And usually, by January or February, I have received my list of potential races to cover for Michigan Runner. Not this winter. With MR no longer publishing a hard copy issue, there’s been no calendar of races from which to choose, either to race or to cover. I suppose, after almost 40 years of covering races for the magazine, it’s not unusual to miss the calendar and scheduling my running year around it.
My grousing complete, it was wonderful to get in a week—a full week!—of outdoor bike-riding in the middle of February. I don’t remember doing that before, ever. It was great, even feeling the aches in muscles I haven’t used since November. In a similar vein, my Michael was able to get outdoors for a couple of days to take BP, batting practice.
Yet another plus from this winter has been walking. I’ve really come to enjoy it. I don’t walk very fast, certainly not as fast as Karen or Carrie, but I plod along. Previously, I had used some, but not much, walking as cross-training, usually on easy days. It allowed me to get outside and burn a few extra calories without the pounding. Now, in addition, I take some walking breaks in my running. Oh, they aren’t long breaks, either in distance or time. And I don’t walk on every run. Some days I now forgo my run and just walk. I like it. The only drawback to walking is time; it takes so long. But then again, as slow as my running has become, maybe walking doesn’t take that much longer.
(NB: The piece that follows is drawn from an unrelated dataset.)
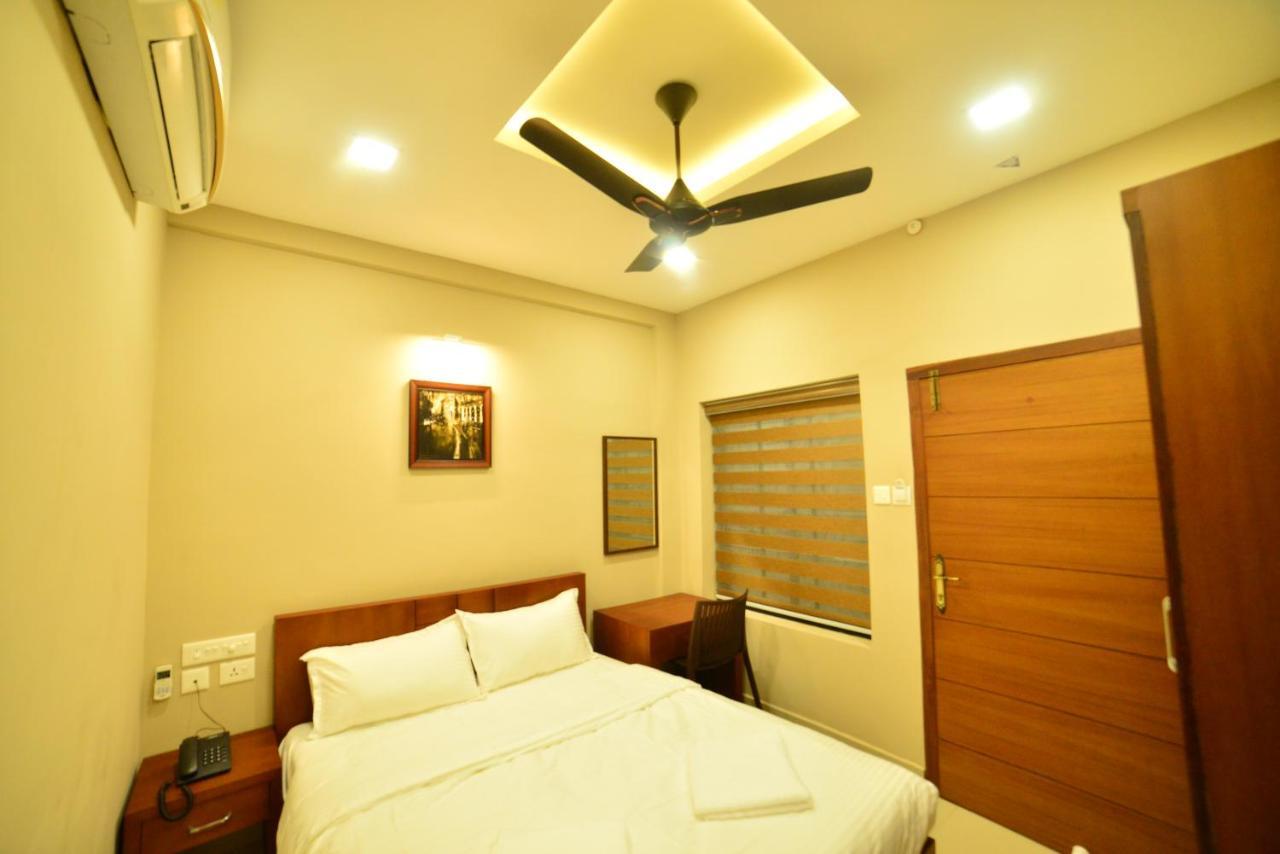 Hotel Priya Kottakkal Extérieur photo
I am looking forward to spring-time running and only not only because of the better and, I hope, more consistent footing and conditions. I’ve had several e-mails announcing The Stroh’s Legend Run in May. Yes, that Stroh’s. To be held in Detroit, near the old Tiger Stadium, the event includes samples and free tours of the brewery after the 5K race. I am interested and so are two of my running buddies, Bob Drapal and Carrie. You can find more information at www.runmichigan.com; search under “Calendar.”
“I think had I leaned a little, I would have won.” So said 92-year old Dixon Hemphill of his “upset” loss to 99-year old Orville Rogers in the 60-yard dash at the USATF Masters Indoor Track and Field Championships in February. According to the Runner’s World Online article, complete with a video, Rogers, trailing most of the sprint, nosed out Hemphill at the finish, winning by .05 seconds. Their times were 18:00 and 18:05, respectively. While the times seem quite slow, watching the video led me to question whether I could run that fast. I have my doubts.
The two have developed a healthy competition over the past years. Hemphill did best Rogers in several other longer distances.
The ages of both Hemphill and Rogers led me to remember a column by Joe Henderson, many years ago. One of my favorite running writers, Henderson suggested that “endurance running” might also mean more than long distance running. It can also reflect sticking with running throughout our lifetimes. More and more, as I approach my eight decade and 50 years of running, I have come to embrace that additional definition. And Hemphill and Rogers surely exemplify Henderson’s thoughts.